What you are asked to do >> Copy the listing exactly; drop the pictures.

--

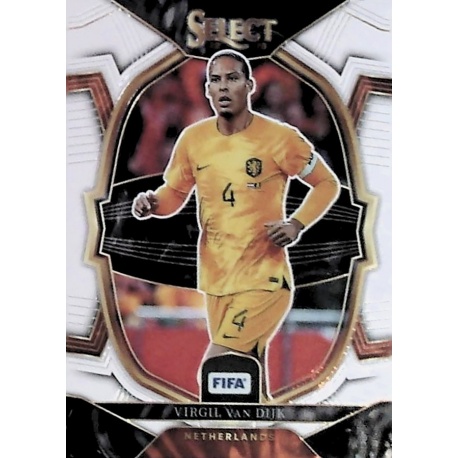 Virgil van Dijk Terrace Netherlands 95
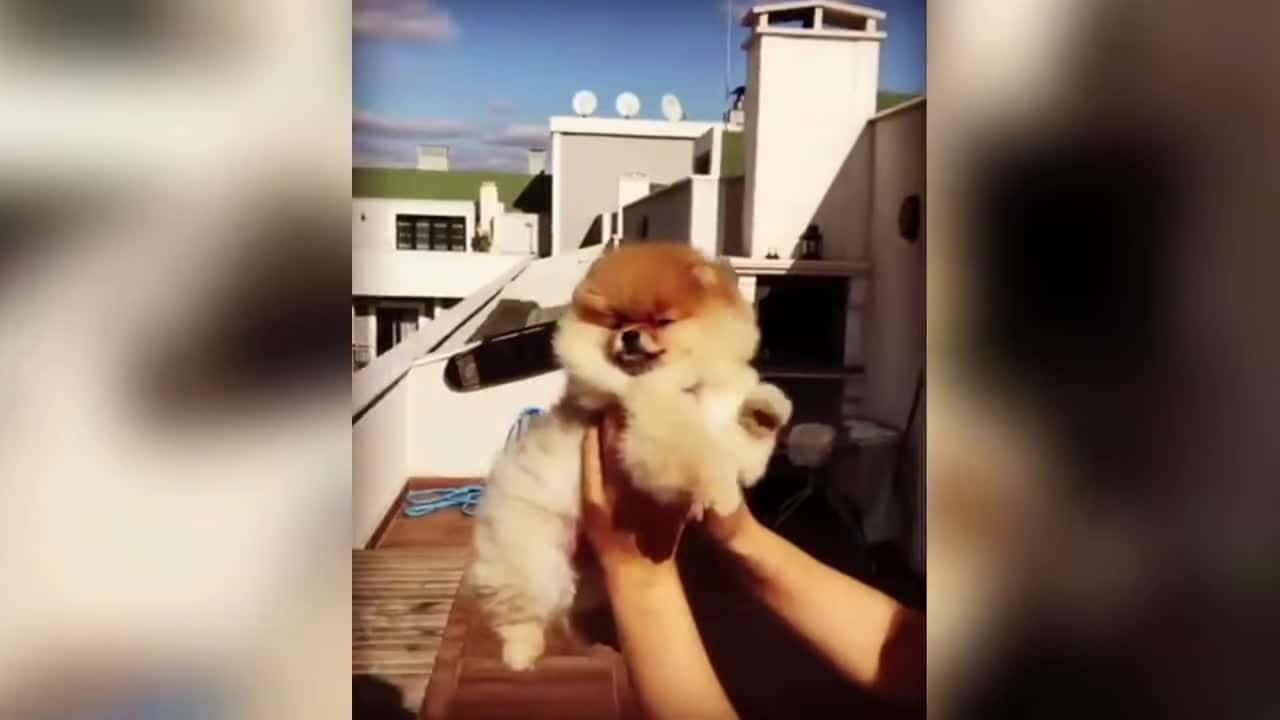 Cover for Cutest and Funny Dogs #puppies #cute #puppylove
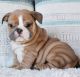 English Bulldog Puppies for sale in Dallas, TX, USA. price: $850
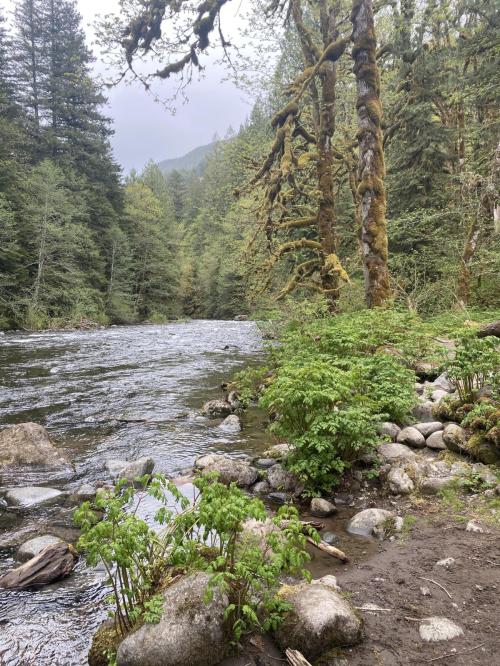 FB47B4A8-F874-4684-902A-E67411D5A9C8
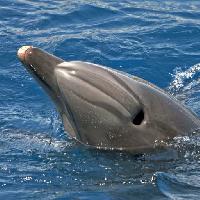 Pixwords Com a imagem animal de mar, golfinho, baleia Avslt71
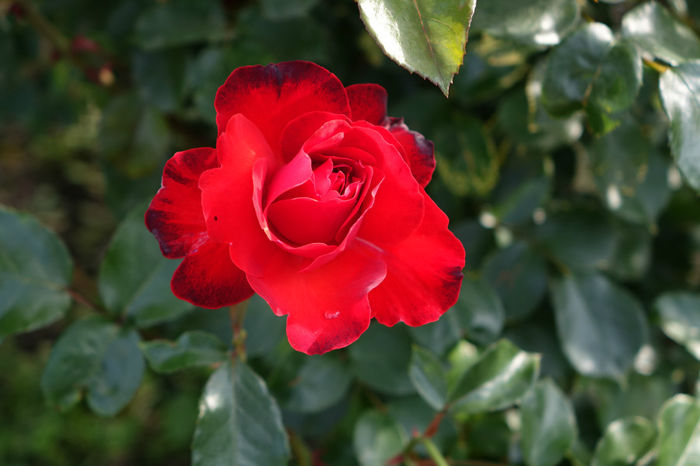 DSC00314 - FLORI 2017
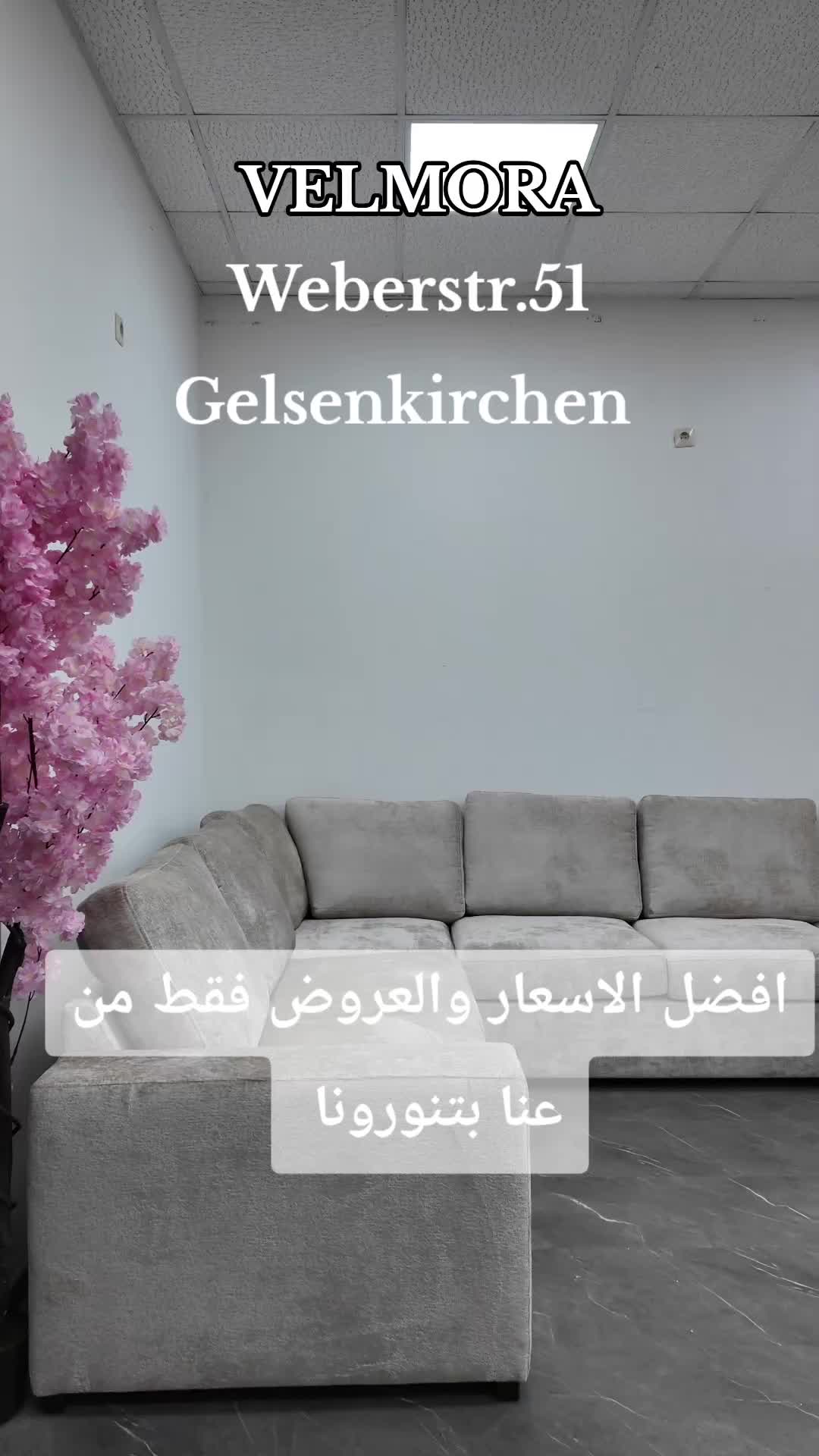 @Velmora فيلمورا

--

Response to the exercise >>
 Virgil van Dijk Terrace Netherlands 95
 Cover for Cutest and Funny Dogs #puppies #cute #puppylove
 English Bulldog Puppies for sale in Dallas, TX, USA. price: $850
 FB47B4A8-F874-4684-902A-E67411D5A9C8
 Pixwords Com a imagem animal de mar, golfinho, baleia Avslt71
 DSC00314 - FLORI 2017
 @Velmora فيلمورا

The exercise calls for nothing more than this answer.